(TO DO):
Only the lines below starting at the one containing "Emojiを蒸気を発すること キッチンタオル (縦)" and ending at the one containing "Amped A16 Pro" belong in the answer, each copied exactly.

(RECORDS TO PROCESS):

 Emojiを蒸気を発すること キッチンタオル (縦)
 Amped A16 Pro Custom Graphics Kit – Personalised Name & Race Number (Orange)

* * *

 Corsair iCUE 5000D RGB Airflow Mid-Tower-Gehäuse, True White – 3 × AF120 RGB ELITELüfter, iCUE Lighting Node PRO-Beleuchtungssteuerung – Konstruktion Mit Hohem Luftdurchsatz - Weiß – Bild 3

(EXPECTED OUTPUT):
 Emojiを蒸気を発すること キッチンタオル (縦)
 Amped A16 Pro Custom Graphics Kit – Personalised Name & Race Number (Orange)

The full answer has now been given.